Edward Baker (1872 – 12 July 1936) was a publican and racehorse owner and breeder in South Australia.

==History==
Baker was the fourth son of Amos Baker (died 1916) of Towitta, South Australia.

He was a highly regarded cricket and football player, an excellent shot with a rifle, and fine athlete, having won several hurdles and "Sheffield Handicap" (Note: "Sheffields" were sprint races over 130 yards (less often 125 or 85 yards) with valuable prizes and heavy on-course betting. The races attracted hundreds of "pedestrians" competing in heats leading to the final race of four to six contenders.) races.
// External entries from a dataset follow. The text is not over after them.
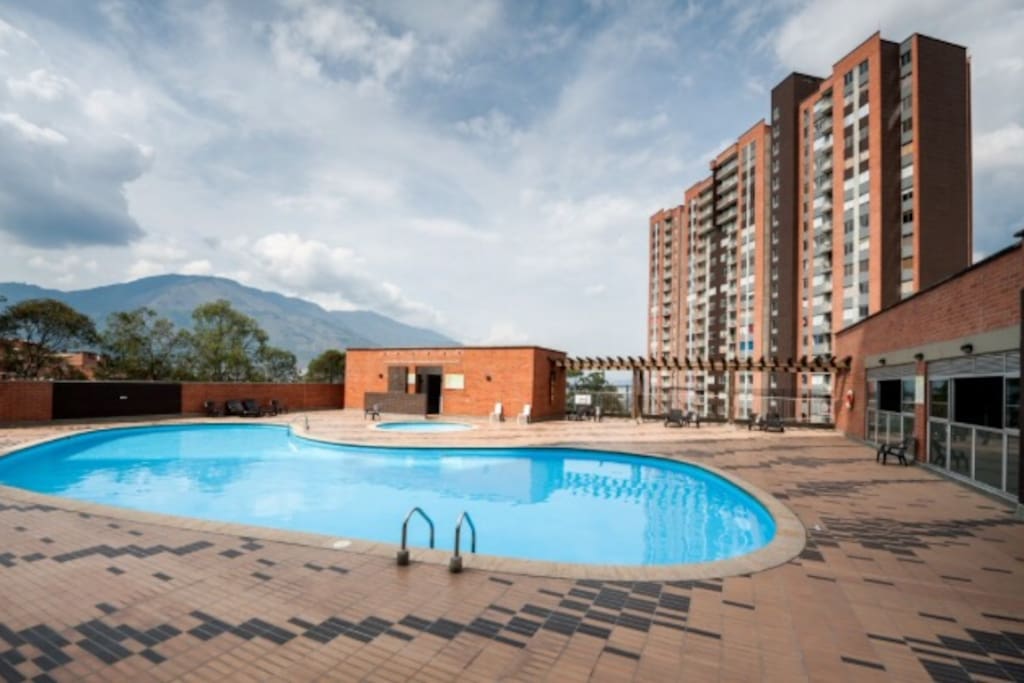 Swimming Pool. Also there are a steam room, sauna and gym in that area.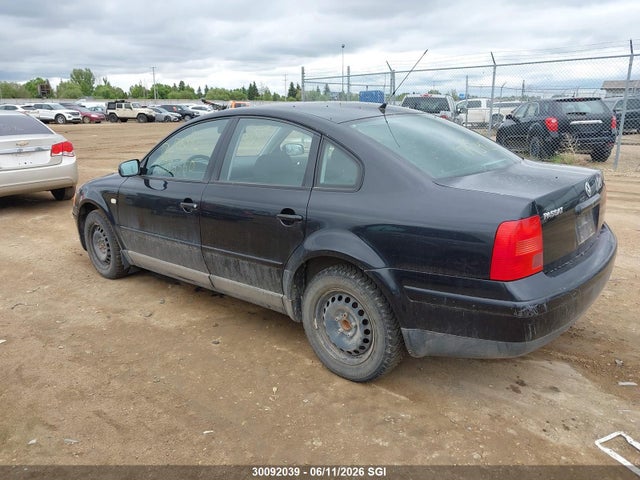 1999 Volkswagen Passat Gls მანქანა იყიდება აუქციონზე, vin: WVWAD63B2XE179342, აუქციონის ნომერი: 30092039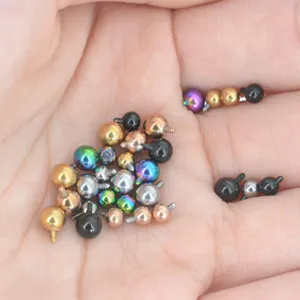 Edelstahl Piercing Ersatzkugeln Nahaufnahme Detailansicht, verschiedene bunte Kugeln.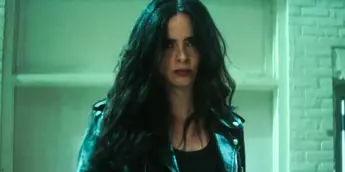 Jessica Jones em ação na 2ª temporada de Demolidor Renascido
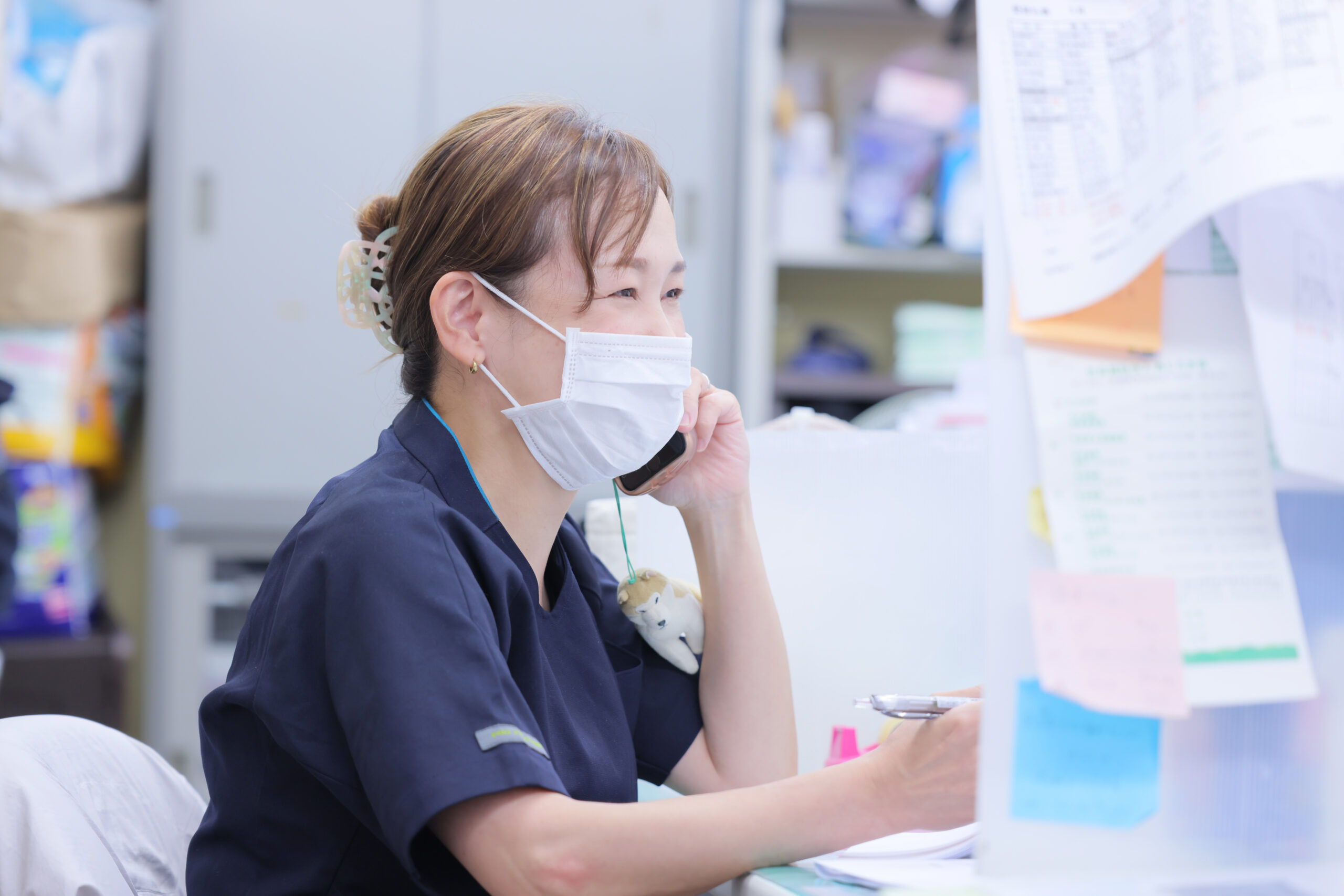 京都府宇治市にある社会福祉法人あじろぎ会宇治病院訪問看護ステーションで働く看護師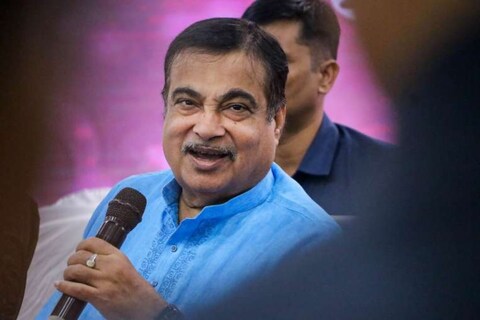 विकास कामांशिवाय गडकरींच्या वक्तव्यांची चर्चाही नेहमी होत असते. आता नागपूरमधील एका खासगी संस्थेच्या कार्यक्रमात त्यांनी बेधडक वक्तव्य केलं. 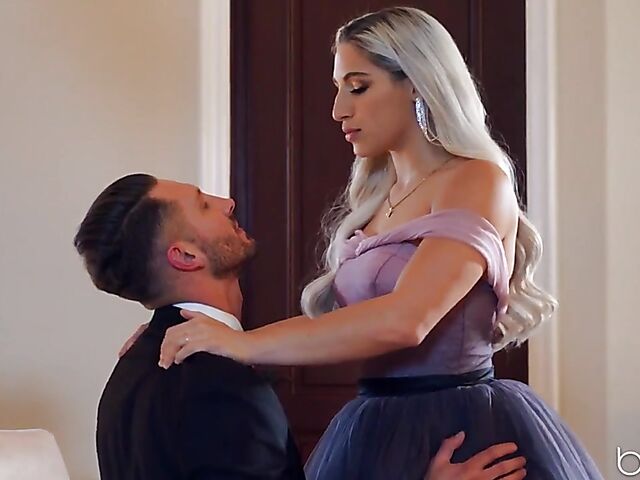 Long dress fuck after the ball with natural beauty Abella Danger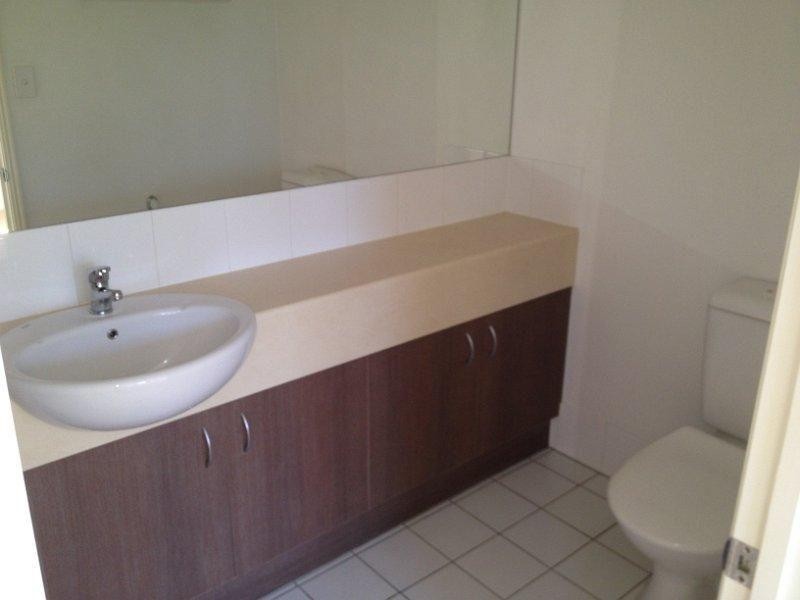 14/6 Fifth Avenue, Burleigh Heads QLD 4220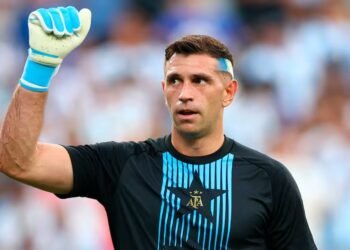 El estado del ‘Dibu’ Martínez: ¿llegará al debut de Argentina en el Mundial?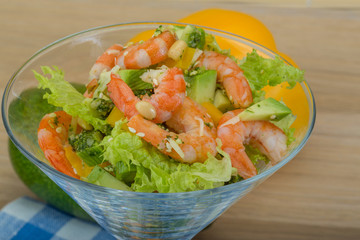 Salad with shrimps and avocado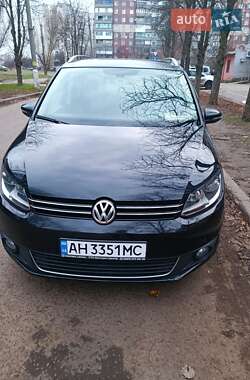Минивэн Volkswagen Touran 2015 в Краматорске
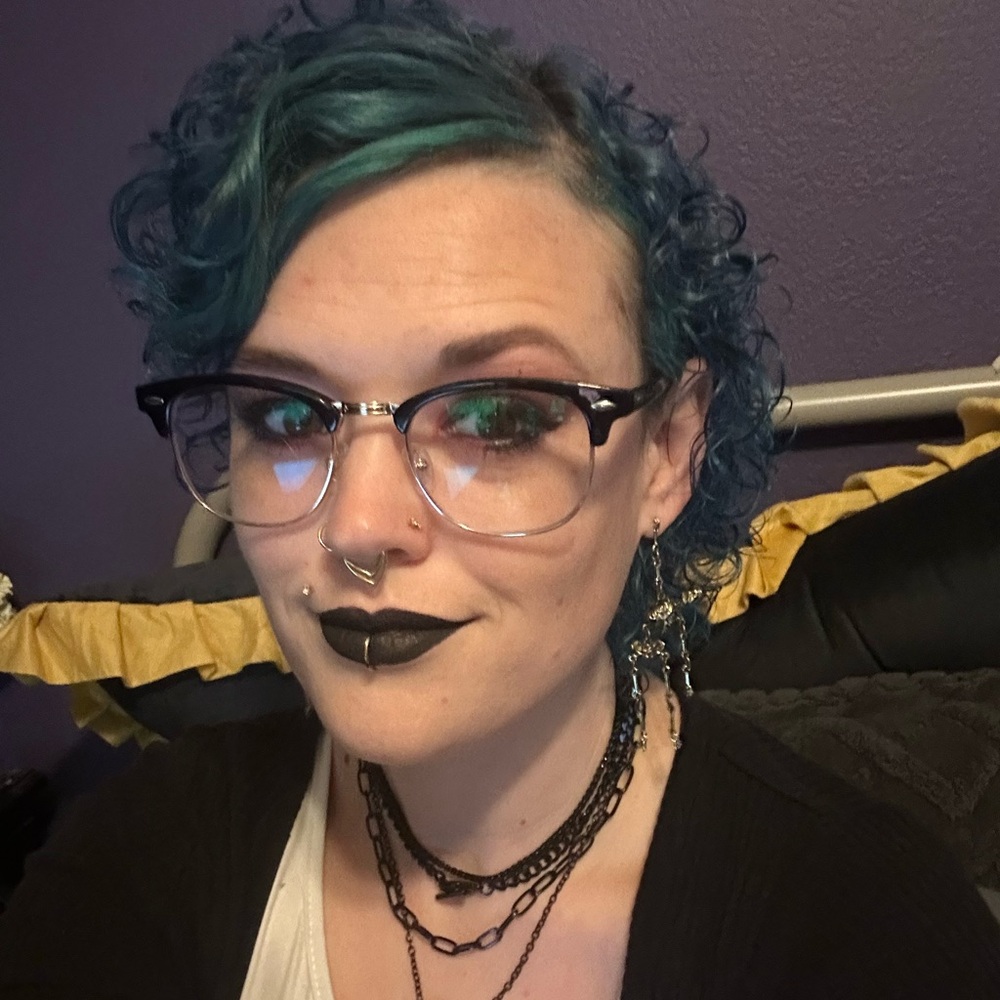 Meet your Posher, Maggie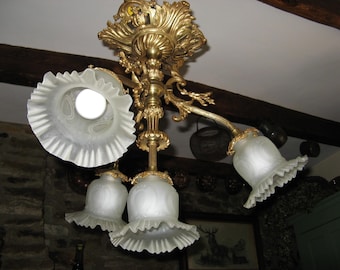 Beau plafonnier lustre antique français à 4 branches en bronze ~ XIXe siècle ~ avec abat-jour en verre opaque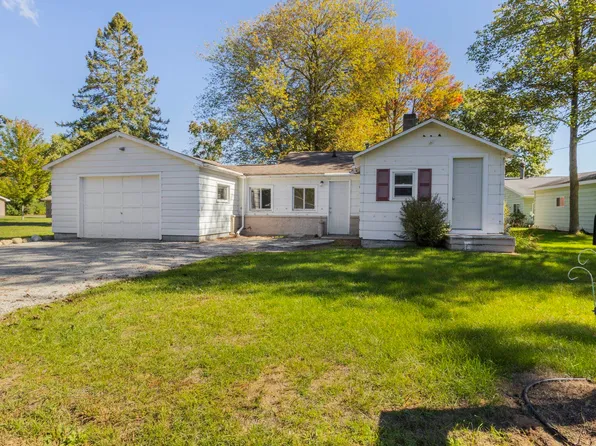 520 E Park Dr, Peshtigo, WI 54157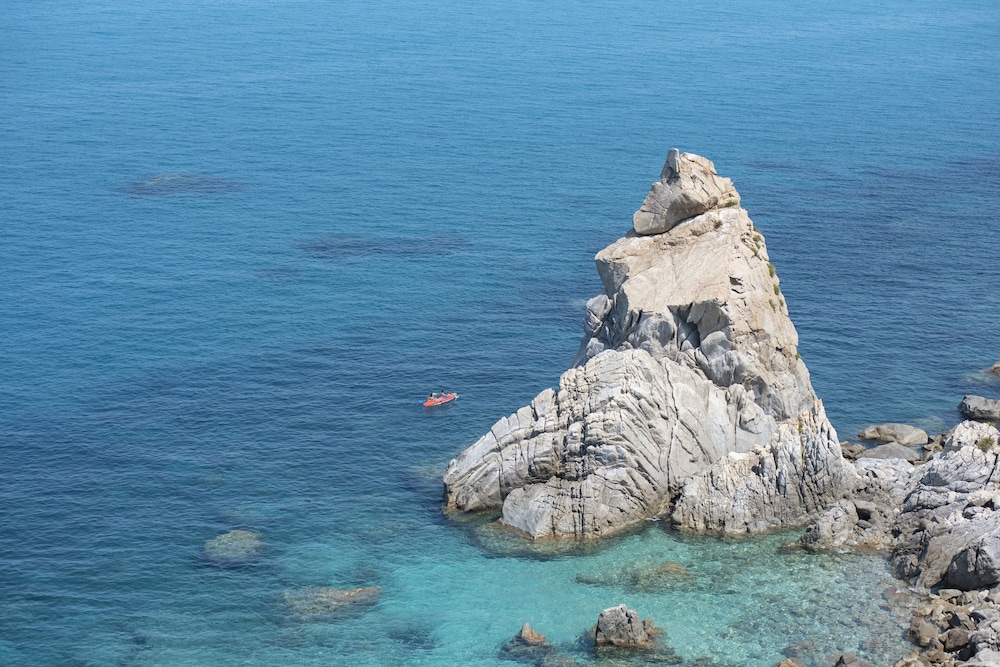 

Trieste - Calabria, Mare Italia - Il Poggio Di Tropea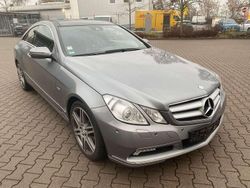 Palladiumsilber metalliclack Gebraucht 2009 Mercedes E350 Sport Coupé | 9.999 € (Etwas zu teuer)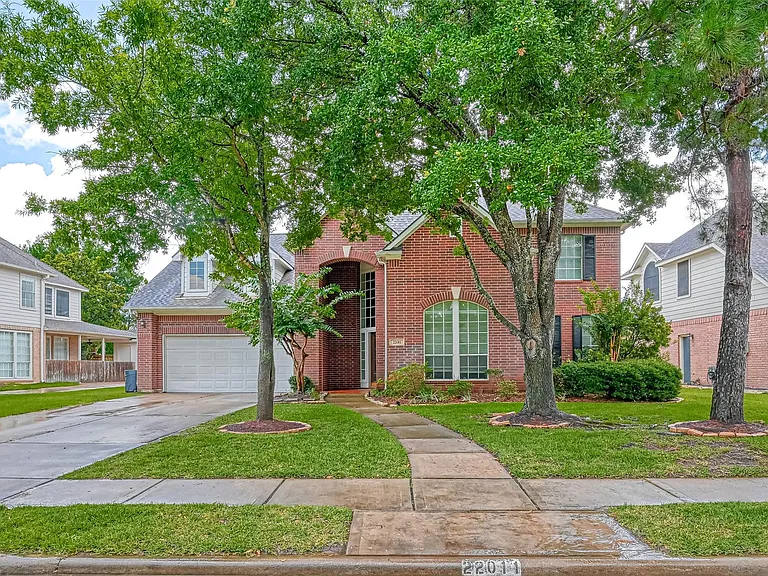 22011 Windmill Bluff Ln — Photo 5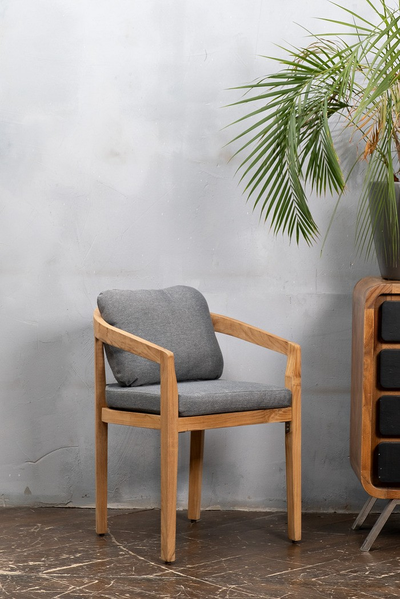 Кресло обеденное из тика Vento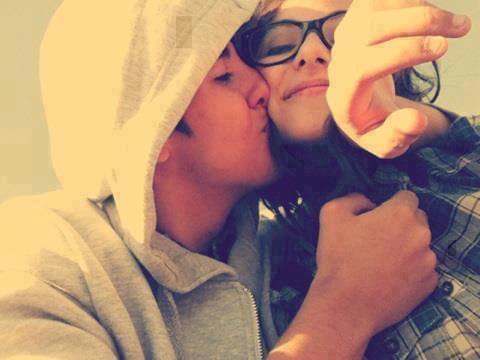 Love couple romantic dp profile picture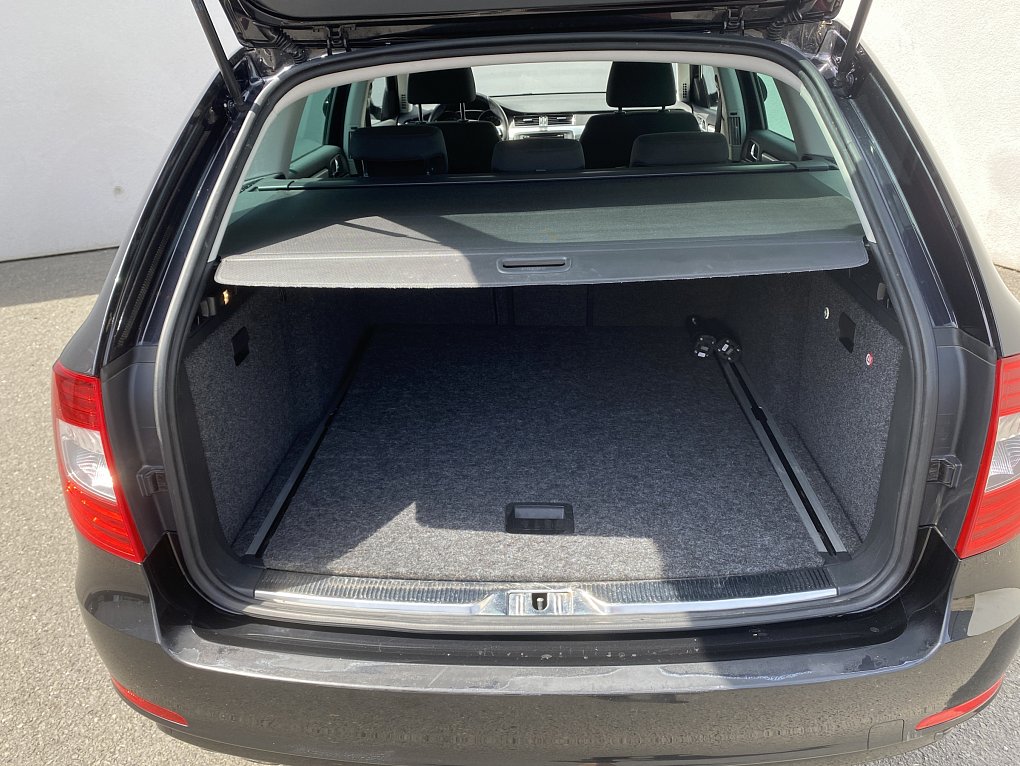 Škoda Superb II 2.0 TDi Exclusive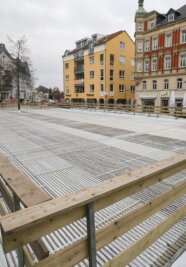 Aufbau von Eisbahn ist noch ungeklärt - Der Aufbau der Eisbahn auf dem Johannisplatz in Limbach-Oberfrohna im Vorjahr. 
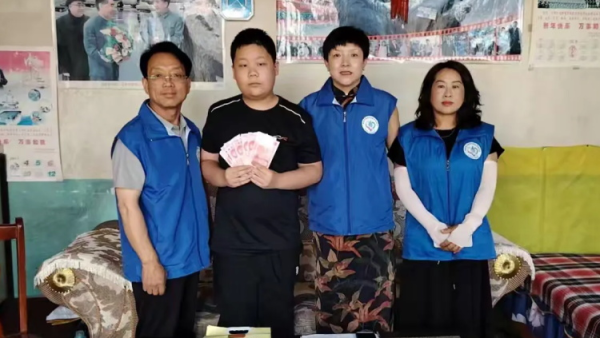 长治市小雨点公益志愿者协会思源组开展了帮扶儿童回访活动准备了五常大米每家一袋帮扶金每人1000元将切实帮助帮扶家庭缓解部分生活压力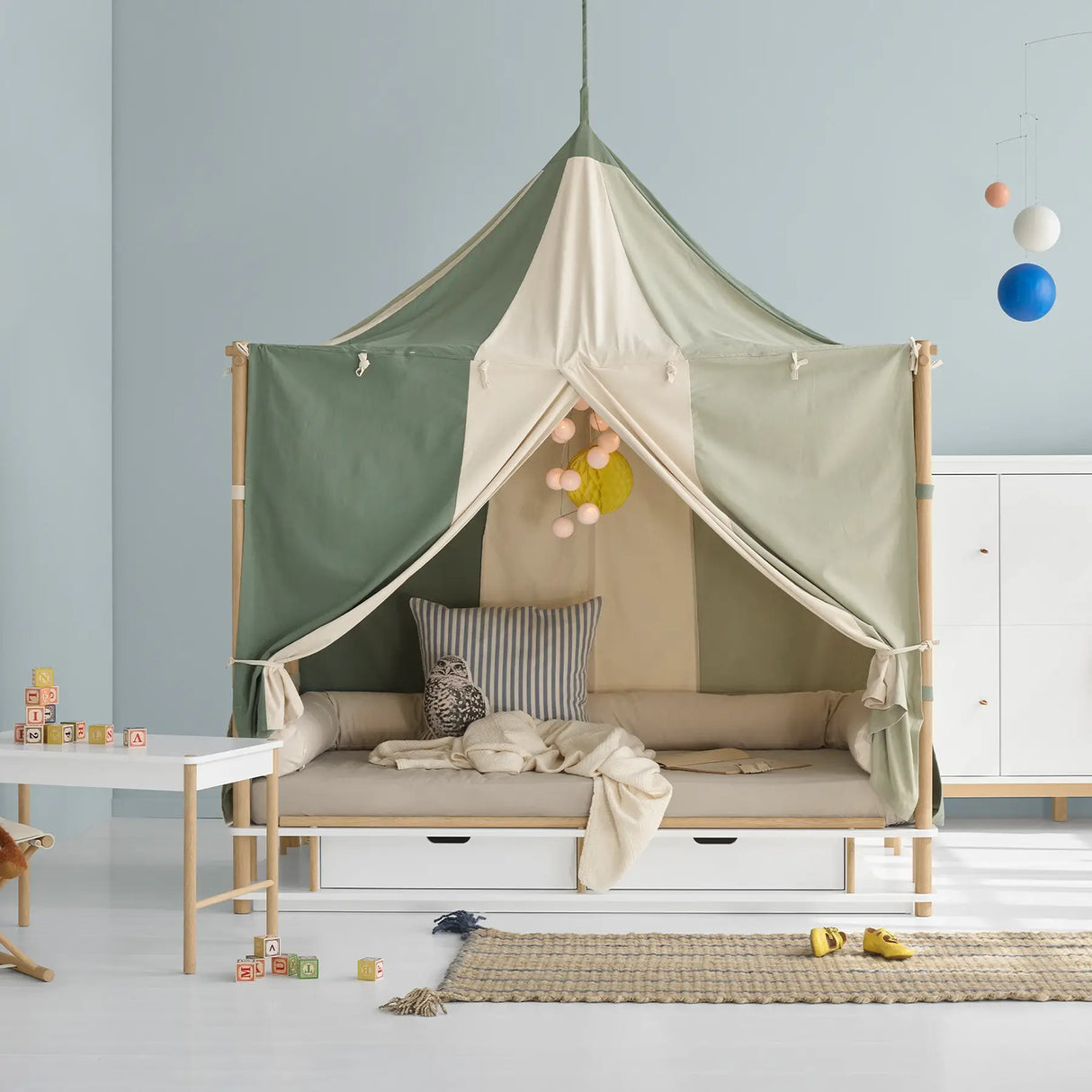 Oliver Furniture Camp Canopy Bed in White/Oak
He became licensee of the Bath Hotel, Norwood in March 1901, and ran it profitably to 1926, living at the Globe Hotel, Kensington of which his wife was licensee. He also had the Bedford Hotel, Woodside, which he also relinquished in 1926, having decided to concentrate on racehorse breeding, having already had several notable successes.
Around 1911 Baker began horse racing with Alarm, who won the 1911 Alderman Cup, and Pendulus and later Peace Day, the progeny of Pendulus, who won the Goodwood Handicap in 1921.
He became a committee member of the Licensed Victuallers' Racing Club.
Buoyed by such successes, and more interested in breeding than racing, he sold up his hotel interests and opened a stud at Salisbury, which he named Erin Vale.
He imported the mare Stormy Day and the Hurry On horse Prestongrange, who sired Preston Lad and Preston Day.
Moongarra was another likely thoroughbred emerging from the stud.

Baker did not enjoy the expected success in the blood horse market — several dry seasons had resulted in a depression in the racing industry, as had a Government clampdown on racecourse gambling.

He returned to hotel management in 1934, with the John Bull Hotel, Currie Street, Adelaide, to his last year.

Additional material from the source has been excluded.